CEO Markus Krebber replies that he is consistently aligning the group with the “green” energy world. He refers to bids for additional wind parks and the construction of new solar parks: “RWE is becoming greener, larger and more valuable.” So far, Krebber is sticking to the politically agreed plan to gradually shut down lignite-fired power plants by 2038 at the latest. Of course, RWE is “ready for discussions in due course about bringing forward the phase-out of coal to 2030”.

However, Krebber argues that a spin-off of the coal division would not accelerate the change. “It would not save a single ton of CO₂.” Acting with a crowbar is not good corporate management. And if the general meeting now decides on a spin-off, this would close other options, he warns, “like the foundation model mentioned in the federal government’s coalition agreement.”

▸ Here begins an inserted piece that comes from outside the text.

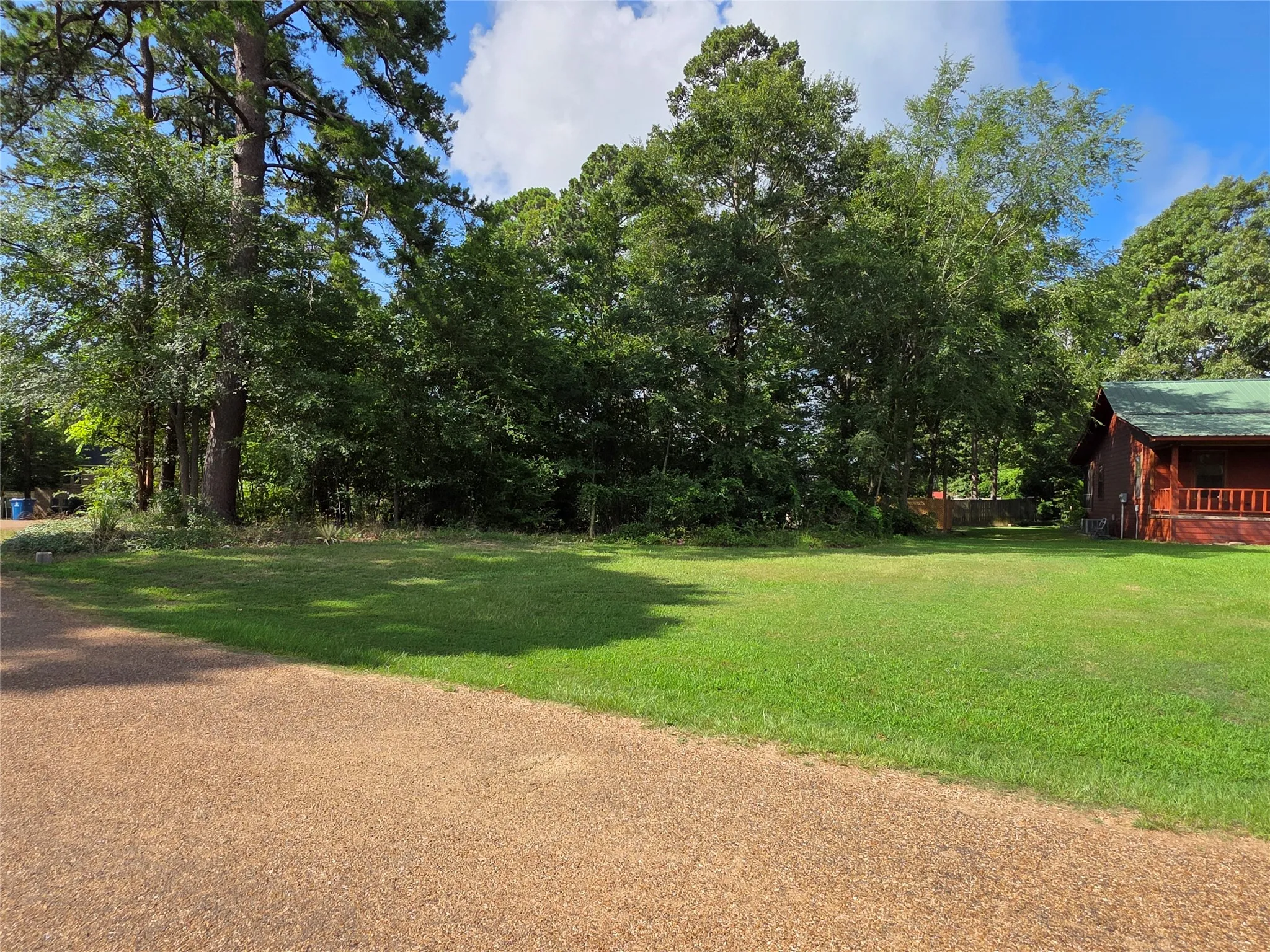 Single Family Residence For Sale in Henderson County , 529 Wildewood Drive, Chandler, Texas 75758, 3 Bedroom, 2 Bathroom, Garage spaces, 1,364 Sqft, built in 2007, mls#21300206, Real Estate Agent in Chandler, Homes For Sale in Henderson county, Homes For Sale in Chandler, Realtor in Chandler Texas, Real Estate Brokerage Independent Realty Texas, Luminita Cordes Realtor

In fact, the paper by the SPD, Greens and FDP states that they want to consider creating a foundation or company “that organizes the dismantling of coal-fired power generation and renaturation”. The RAG-Foundation in the Ruhr area serves as a role model: since Germany abandoned coal mining in 2018, the foundation has used the income from its assets to pay for the so-called perpetual obligations, such as pumping water out of old mines.

Similarly, in the future a foundation could ensure that Germany gets out of lignite as quickly as possible, and that no lunar landscapes are left behind in previous open-cast mines. Of course, such a foundation would need the capital that companies like RWE have put aside for the so-called renaturation.

In addition to Enkraft, other shareholders emphasize that the fight against climate change is pressing. Nevertheless, for example Union Investment, the fund company of the Volks- und Raiffeisenbanken, does not consider a quick spin-off of the coal business to be expedient. “The environment is not helped if RWE emits less CO₂ and another owner converts the Rhenish lignite into electricity,” argues representative Henrik Pontzen: “Coal does not belong in other hands, it should be abolished.”

In the end, only 2.44 percent of the shareholders represented voted in favor of Enkraft’s counter-motion. Of course, ambivalent contributions like that of Deka are also remembered: the savings bank fund house basically advocates that RWE should split off the coal division. “If there is a better alternative than a foundation solution, it should be pursued,” says Deka representative Ingo Speich. Nevertheless, he voted against Enkraft’s application because he did not want to limit RWE’s options prematurely. “Decisions have to be made,” warns Speich, but also: “We will assess the entire RWE board of directors, including the supervisory board, in this special matter and make our judgment at the next general meeting.”